Tragic teenager's mother urges NHS trust chief to quit
The mother of an 18-year-old man who drowned in a bath at a specialist NHS trust has renewed her calls for the chief executive to resign.
Sara Ryan, whose son Connor Sparrowhawk died in July 2013, said senior staff at Southern Health NHS Foundation Trust had failed to learn from mistakes.
She was speaking after the Care Quality Commission (CQC) told the trust it must make significant improvements to "protect patients who are at risk of harm" and that it had failed to learn from several deaths.
In October, a jury inquest ruled that neglect contributed to the death of Connor, who drowned after an epileptic seizure at Slade House in Headington, Oxfordshire.
The learning disability unit, run by Southern, has since closed its doors.
In December, an independent investigation found Southern Health had failed to probe the deaths of hundreds of people since 2011.
In a statement, the CQC said it has issued a warning notice "requiring the trust to improve its governance arrangements to ensure robust investigation and learning from incidents and deaths, to reduce future risks to patients".
Ms Ryan told the BBC: "We're just astonished they haven't improved - they have again demonstrated a failing leadership - they have repeatedly said they had improved ever since Connor died, and they clearly haven't.
"I'm bewildered the board and the chief executive haven't stood down today. The public don't have any confidence in their ability."
The trust chief executive Katrina Percy has rejected calls for her resignation and said she had been "clear and open" about the work needed to address concerns raised.

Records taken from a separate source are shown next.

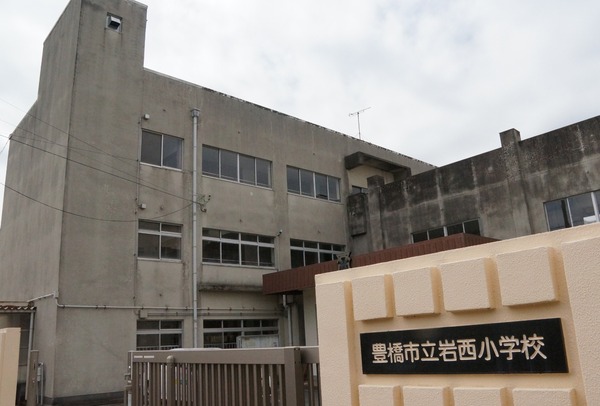 豊橋市東幸町字東明の小学校画像
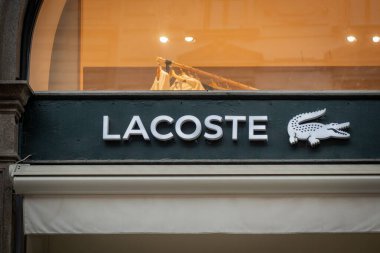 Milan, İtalya - 2026, 3 Şubat: Sleek Lacoste mağaza vitrininde FW25 lüks moda, modern markalaşma ve birinci sınıf bir alışveriş bölgesinde sofistike şehir tarzı vurgulandı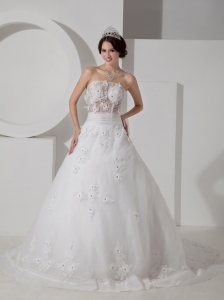 Lace Embroidery with Hand Made Flower Strapless Wedding Dress
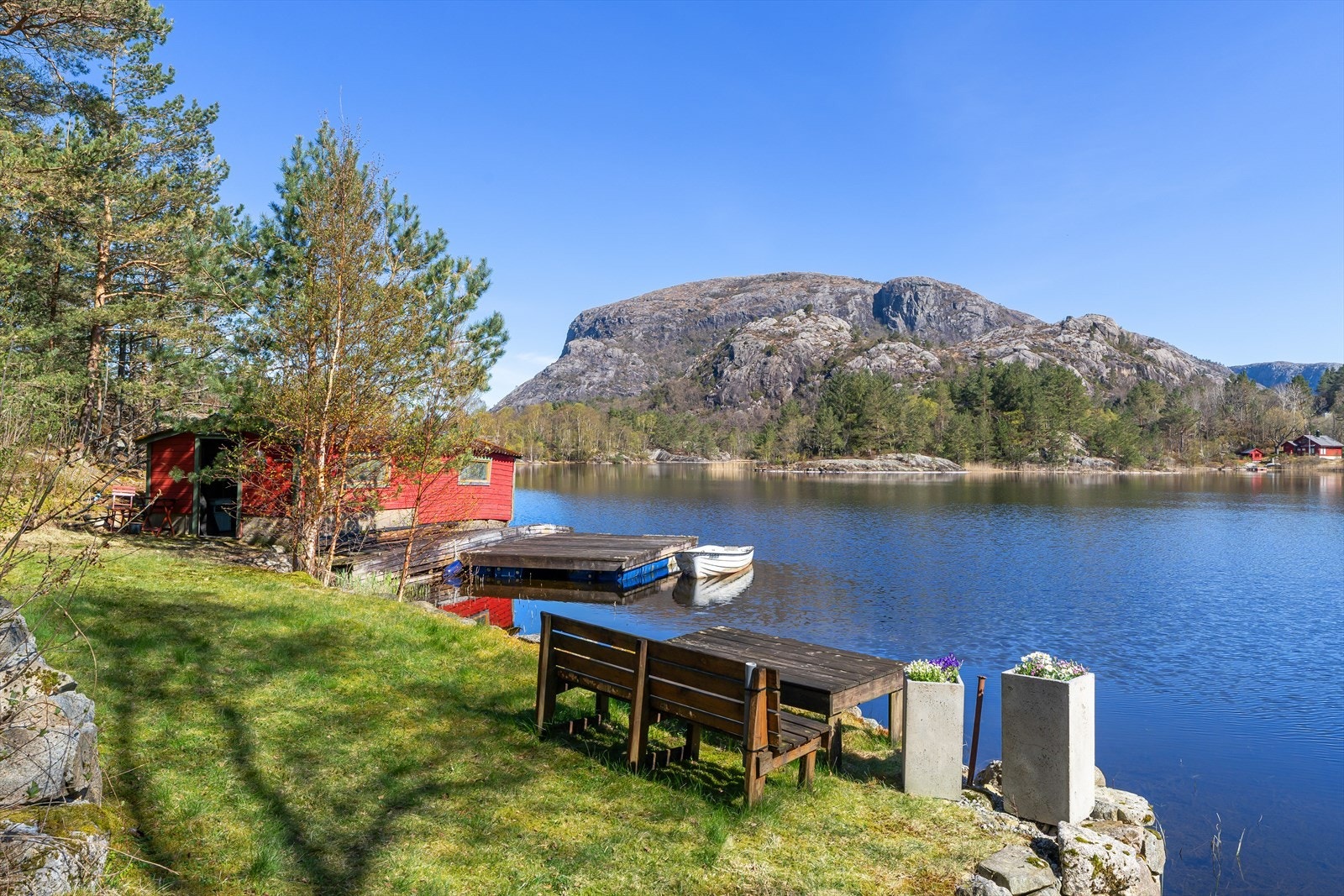 Eiendommen har egen strandlinje og naust. Galleribilde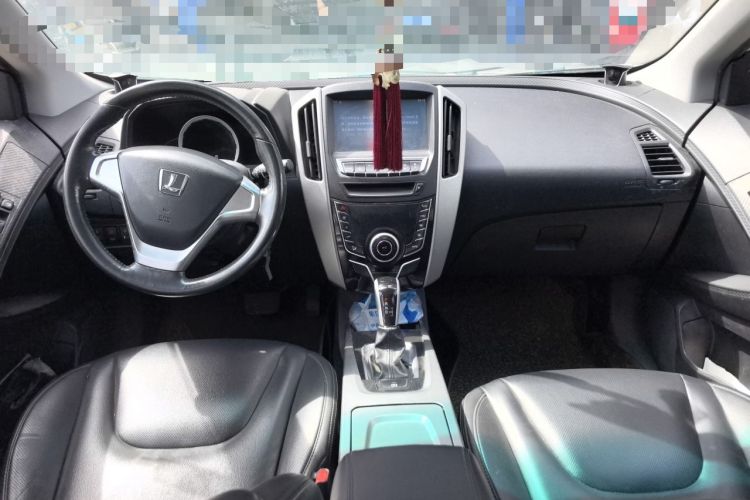 Used Luxgen U6 SUV 2014 1.8T Fashion Edition Center Console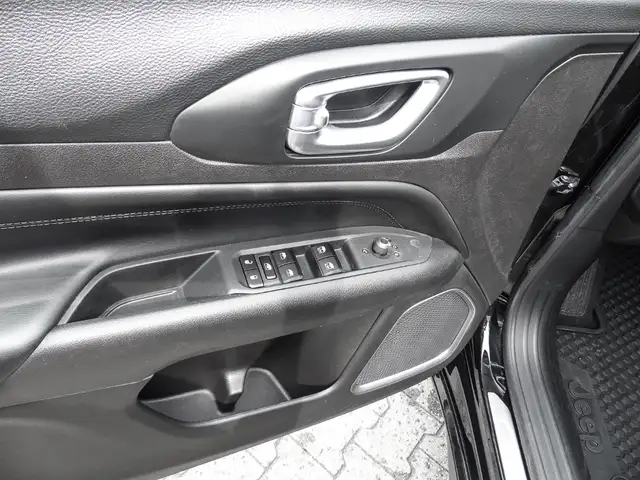 Jeep Compass view 14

In a statement, she said: "I have been very clear and open that we have a lot of work to do to fully address recent concerns raised about the trust.
"Good progress has been made, however we accept that the CQC feels that in some areas we have not acted swiftly enough. My main priority is, and always has been, the safety of our patients. We take the CQC's concerns extremely seriously and have taken a number of further actions.
"I want to reassure our patients and their families that I, and the board, remain completely focused on tackling these concerns as quickly as possible."
CQC inspectors visited the trust in January as part of an inspection and will publish their full report in late April.
Dr Paul Lelliott, CQC deputy chief inspector of hospitals and lead for mental health, added: "We found long-standing risks to patients, arising from the physical environment, that had not been dealt with effectively.
"The trust's internal governance arrangements to learn from serious incidents or investigations were not good enough, meaning that opportunities to minimise further risks to patients were lost.
"It is only now, following our latest inspection, and in response to the warning notice, that the trust has taken action and has identified further action that it will take to improve safety at Kingsley ward, Melbury Lodge and Evenlode in Buckinghamshire."
NHS Improvement said it intends to take further regulatory action at the trust to ensure urgent patient safety improvements are made.
It will put an additional condition in the trust's licence to provide NHS services, which means it could make changes to the management.
Dan Scorer, head of policy at learning disability charity Mencap, said the CQC warning notice states that little has changed since the independent Mazars report was published.
"Families are being left questioning whether the death of their loved one should have been investigated and whether the death might have been avoided," he said.
"Whilst Mazars exposed the failures to investigate deaths at Southern Health, we have known since 2013 that 1,200 people with a learning disability die avoidably in our NHS every year. The lack of urgency to tackle this national scandal is unacceptable."
Luciana Berger, Labour's shadow minister for mental health, said she would raise the issue when Parliament resumes next week, adding: "It is extremely worrying that the trust's leadership has not taken the appropriate action to improve patient safety."
A Department of Health spokeswoman said: "The Mazars report into Southern Health clearly outlined wholly unacceptable failings and work is under way to ensure lessons are learnt both by the trust and across the system as a whole."